Tuesday, May 23, 2017

2017 book 91

Dodie Smith's I Capture The Castle
What a delight to revisit this for book club! This book never fails to charm--the narrative voice and the plot are just both totally on point. I don't even want to try to summarize the plot because I could never properly describe its sweetness, humor, realism, etc etc. I should really try more of Smith's work but it's hard knowing they wouldn't be as awesome as this.

Saturday, May 20, 2017

2017 book 90

Allegra Goodman's The Chalk Artist
Goodman is an author that I am generally into, though this one left me feeling a bit puzzled.
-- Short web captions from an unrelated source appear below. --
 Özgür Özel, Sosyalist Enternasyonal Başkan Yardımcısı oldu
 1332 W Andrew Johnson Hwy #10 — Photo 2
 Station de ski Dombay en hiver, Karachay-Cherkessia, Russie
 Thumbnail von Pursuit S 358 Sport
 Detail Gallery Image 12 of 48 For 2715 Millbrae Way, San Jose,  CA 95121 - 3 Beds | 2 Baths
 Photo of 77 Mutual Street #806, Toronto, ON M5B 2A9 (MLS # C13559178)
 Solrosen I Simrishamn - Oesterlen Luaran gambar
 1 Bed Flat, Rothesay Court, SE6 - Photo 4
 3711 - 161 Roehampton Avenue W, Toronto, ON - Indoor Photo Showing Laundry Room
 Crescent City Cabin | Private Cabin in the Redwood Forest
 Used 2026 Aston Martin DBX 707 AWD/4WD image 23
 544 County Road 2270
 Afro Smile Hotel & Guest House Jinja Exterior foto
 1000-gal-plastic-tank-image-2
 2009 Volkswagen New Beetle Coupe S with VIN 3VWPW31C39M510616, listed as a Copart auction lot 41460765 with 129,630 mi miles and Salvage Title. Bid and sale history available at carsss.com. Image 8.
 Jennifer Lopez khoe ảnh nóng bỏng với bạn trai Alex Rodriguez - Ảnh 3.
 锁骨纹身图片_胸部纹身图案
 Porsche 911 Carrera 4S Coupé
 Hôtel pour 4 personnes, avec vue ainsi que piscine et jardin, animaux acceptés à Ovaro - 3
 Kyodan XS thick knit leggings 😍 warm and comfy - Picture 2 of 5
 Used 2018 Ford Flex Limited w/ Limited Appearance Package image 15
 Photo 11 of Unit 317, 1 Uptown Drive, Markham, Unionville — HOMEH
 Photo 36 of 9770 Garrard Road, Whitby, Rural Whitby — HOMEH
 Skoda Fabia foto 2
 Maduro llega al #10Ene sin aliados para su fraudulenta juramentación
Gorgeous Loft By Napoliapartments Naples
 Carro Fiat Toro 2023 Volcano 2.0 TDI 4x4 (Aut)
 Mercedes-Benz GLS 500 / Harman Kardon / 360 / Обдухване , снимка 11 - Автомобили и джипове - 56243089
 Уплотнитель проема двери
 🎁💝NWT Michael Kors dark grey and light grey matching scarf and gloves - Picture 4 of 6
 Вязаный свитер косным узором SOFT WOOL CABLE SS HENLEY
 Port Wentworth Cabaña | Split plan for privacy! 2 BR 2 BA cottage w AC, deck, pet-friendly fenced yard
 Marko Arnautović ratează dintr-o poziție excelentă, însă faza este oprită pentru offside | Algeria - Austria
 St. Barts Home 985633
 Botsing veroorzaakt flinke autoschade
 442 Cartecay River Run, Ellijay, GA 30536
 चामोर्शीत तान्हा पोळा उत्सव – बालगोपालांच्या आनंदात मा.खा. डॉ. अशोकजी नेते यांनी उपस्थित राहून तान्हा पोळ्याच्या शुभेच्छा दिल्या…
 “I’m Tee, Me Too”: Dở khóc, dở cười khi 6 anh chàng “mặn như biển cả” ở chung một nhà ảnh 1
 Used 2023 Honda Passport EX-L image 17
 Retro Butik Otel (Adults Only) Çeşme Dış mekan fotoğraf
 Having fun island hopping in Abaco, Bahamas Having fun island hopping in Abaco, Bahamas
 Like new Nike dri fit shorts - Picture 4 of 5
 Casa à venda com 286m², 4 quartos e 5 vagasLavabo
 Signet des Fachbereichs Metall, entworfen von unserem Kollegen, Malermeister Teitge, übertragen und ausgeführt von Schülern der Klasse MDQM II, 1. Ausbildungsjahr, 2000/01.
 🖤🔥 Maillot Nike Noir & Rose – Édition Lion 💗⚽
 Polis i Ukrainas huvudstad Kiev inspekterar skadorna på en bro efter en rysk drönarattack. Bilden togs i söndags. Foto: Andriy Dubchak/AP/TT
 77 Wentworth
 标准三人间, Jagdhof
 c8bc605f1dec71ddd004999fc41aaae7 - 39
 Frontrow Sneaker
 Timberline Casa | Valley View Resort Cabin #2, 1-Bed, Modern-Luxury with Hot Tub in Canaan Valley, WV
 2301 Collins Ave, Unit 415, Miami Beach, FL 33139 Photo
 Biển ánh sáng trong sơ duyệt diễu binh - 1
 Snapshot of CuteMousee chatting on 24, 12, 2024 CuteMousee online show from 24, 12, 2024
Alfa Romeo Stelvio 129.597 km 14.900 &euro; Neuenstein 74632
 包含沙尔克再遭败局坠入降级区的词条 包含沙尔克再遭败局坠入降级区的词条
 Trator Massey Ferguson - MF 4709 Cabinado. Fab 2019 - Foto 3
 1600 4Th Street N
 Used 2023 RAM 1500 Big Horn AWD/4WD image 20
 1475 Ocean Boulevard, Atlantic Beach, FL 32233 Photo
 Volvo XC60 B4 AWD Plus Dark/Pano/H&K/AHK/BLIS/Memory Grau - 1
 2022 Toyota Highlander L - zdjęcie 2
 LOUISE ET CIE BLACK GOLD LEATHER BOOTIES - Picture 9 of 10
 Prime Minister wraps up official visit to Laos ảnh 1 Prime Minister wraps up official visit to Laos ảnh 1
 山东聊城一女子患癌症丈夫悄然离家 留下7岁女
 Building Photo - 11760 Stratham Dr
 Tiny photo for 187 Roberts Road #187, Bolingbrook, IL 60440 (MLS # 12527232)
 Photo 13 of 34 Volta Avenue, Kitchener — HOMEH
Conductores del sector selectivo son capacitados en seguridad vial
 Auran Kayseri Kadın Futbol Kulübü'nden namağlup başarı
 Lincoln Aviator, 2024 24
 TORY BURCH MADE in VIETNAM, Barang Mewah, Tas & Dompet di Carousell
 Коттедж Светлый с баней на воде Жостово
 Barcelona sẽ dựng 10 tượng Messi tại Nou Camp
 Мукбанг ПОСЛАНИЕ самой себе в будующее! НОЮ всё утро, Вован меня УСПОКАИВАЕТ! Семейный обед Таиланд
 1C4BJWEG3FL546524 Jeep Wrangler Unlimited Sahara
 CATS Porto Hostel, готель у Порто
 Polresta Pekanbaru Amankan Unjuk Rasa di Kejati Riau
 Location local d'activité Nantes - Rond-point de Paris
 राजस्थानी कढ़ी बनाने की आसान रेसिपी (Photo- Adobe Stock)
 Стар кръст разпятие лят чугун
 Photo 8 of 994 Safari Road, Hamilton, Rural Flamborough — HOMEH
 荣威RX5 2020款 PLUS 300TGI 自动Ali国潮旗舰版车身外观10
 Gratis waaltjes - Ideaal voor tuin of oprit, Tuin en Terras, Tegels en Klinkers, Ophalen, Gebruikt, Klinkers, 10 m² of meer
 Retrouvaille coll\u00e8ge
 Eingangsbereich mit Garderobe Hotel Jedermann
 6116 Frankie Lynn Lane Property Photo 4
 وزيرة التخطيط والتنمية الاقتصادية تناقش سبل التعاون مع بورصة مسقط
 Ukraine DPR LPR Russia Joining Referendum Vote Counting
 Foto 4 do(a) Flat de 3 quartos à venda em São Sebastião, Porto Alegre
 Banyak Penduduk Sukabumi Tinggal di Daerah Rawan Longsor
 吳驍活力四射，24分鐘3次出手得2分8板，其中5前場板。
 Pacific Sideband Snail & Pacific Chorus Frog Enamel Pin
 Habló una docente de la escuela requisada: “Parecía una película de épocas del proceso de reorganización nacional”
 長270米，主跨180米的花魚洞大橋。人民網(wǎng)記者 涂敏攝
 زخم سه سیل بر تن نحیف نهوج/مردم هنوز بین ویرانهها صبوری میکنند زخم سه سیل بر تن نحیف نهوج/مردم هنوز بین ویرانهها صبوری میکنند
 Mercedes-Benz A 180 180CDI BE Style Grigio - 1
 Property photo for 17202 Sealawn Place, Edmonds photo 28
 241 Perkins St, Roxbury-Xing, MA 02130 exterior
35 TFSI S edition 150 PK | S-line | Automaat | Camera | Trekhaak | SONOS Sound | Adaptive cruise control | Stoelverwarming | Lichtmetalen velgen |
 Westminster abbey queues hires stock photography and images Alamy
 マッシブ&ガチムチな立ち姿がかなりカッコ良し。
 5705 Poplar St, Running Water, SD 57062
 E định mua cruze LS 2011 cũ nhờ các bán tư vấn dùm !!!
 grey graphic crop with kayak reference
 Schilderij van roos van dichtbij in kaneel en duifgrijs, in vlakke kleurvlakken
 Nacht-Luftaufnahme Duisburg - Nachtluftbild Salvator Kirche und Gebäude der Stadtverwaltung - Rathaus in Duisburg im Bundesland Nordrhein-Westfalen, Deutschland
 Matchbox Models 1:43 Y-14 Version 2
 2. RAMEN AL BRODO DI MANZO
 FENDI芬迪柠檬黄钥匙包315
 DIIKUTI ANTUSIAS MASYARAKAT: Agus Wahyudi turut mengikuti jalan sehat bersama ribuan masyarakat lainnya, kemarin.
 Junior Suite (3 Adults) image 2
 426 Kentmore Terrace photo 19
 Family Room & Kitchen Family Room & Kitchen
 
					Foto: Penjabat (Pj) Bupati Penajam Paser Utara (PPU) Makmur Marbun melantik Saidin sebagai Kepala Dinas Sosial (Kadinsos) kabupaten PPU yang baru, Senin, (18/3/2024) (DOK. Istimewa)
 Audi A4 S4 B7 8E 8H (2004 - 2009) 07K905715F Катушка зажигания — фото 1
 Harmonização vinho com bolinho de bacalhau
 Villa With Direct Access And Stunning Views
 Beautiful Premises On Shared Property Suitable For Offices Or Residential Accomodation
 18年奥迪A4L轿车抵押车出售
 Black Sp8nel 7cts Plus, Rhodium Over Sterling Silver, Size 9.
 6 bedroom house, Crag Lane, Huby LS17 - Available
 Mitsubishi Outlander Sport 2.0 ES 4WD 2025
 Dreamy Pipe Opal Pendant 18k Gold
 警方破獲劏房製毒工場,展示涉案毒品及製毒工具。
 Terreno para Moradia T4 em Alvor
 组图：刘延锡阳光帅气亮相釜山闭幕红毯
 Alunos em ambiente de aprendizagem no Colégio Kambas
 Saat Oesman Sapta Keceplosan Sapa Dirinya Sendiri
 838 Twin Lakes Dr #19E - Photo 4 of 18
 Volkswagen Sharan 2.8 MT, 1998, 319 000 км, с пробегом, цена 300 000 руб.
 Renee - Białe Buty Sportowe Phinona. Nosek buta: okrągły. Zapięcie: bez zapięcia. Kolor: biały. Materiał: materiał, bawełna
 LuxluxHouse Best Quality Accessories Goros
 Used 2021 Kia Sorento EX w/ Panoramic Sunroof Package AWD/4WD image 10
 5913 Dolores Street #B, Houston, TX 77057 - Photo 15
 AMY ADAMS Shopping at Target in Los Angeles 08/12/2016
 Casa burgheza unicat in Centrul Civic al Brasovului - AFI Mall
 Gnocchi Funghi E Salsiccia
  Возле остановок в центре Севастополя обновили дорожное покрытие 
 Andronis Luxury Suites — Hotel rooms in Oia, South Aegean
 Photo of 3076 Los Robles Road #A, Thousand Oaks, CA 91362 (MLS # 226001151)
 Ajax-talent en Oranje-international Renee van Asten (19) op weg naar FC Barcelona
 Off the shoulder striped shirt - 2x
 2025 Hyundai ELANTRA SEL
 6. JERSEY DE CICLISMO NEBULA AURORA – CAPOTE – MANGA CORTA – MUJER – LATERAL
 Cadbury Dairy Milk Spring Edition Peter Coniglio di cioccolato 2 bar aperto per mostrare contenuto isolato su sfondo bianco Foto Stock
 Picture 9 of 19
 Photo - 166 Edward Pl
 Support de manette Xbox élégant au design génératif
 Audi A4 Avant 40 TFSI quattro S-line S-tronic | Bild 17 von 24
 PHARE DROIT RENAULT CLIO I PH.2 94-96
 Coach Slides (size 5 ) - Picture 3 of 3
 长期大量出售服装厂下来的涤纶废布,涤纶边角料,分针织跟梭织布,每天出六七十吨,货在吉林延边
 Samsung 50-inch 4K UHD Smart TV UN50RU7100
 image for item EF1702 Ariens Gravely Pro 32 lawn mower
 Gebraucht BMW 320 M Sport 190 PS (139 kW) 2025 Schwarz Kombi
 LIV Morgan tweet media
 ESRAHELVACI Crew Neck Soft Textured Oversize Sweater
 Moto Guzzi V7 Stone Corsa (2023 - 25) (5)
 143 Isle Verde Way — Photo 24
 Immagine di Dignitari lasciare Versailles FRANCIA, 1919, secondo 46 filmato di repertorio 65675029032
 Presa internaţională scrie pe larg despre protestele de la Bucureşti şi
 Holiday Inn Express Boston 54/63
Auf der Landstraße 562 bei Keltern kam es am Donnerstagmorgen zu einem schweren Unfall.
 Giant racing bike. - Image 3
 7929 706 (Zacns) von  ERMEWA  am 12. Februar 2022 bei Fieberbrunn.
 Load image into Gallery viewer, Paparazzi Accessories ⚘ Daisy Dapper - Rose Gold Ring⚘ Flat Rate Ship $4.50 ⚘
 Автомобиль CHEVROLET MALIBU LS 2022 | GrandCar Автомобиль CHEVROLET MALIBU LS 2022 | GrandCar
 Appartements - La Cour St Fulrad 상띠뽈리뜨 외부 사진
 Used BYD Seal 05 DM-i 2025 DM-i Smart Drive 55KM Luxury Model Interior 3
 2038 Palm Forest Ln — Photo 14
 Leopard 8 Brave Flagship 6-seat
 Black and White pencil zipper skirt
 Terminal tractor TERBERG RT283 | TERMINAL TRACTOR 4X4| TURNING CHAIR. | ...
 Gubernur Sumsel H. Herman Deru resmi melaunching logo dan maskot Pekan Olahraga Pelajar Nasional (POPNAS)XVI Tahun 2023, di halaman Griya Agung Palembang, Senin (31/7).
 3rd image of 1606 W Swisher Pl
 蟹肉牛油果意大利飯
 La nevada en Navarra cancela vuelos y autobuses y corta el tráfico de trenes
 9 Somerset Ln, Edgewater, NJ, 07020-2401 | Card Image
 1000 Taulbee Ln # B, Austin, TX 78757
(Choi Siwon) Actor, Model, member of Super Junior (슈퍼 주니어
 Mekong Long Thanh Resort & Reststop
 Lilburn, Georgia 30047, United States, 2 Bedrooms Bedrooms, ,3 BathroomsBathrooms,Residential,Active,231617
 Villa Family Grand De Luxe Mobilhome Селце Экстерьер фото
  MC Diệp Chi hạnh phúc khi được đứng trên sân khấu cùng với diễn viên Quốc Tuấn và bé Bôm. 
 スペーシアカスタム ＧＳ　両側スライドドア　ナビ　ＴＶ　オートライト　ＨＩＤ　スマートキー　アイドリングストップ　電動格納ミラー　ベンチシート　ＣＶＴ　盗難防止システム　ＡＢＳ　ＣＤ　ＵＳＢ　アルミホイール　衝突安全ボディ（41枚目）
It centers on an inter-related cast of characters in Cambridge, Massachusetts--a young teacher, her love interest (the titular artist), a couple of students at the school, and so on--and touches a bit on issues of class, though doesn't delve very deeply there. A lot of the action involves a new mmorpg that several characters are tied to, which is interesting. Basically, I found all the characters here compelling--though they are all very young and very dumb--and enjoyed reading this novel, but the end left me wanting something more. B+.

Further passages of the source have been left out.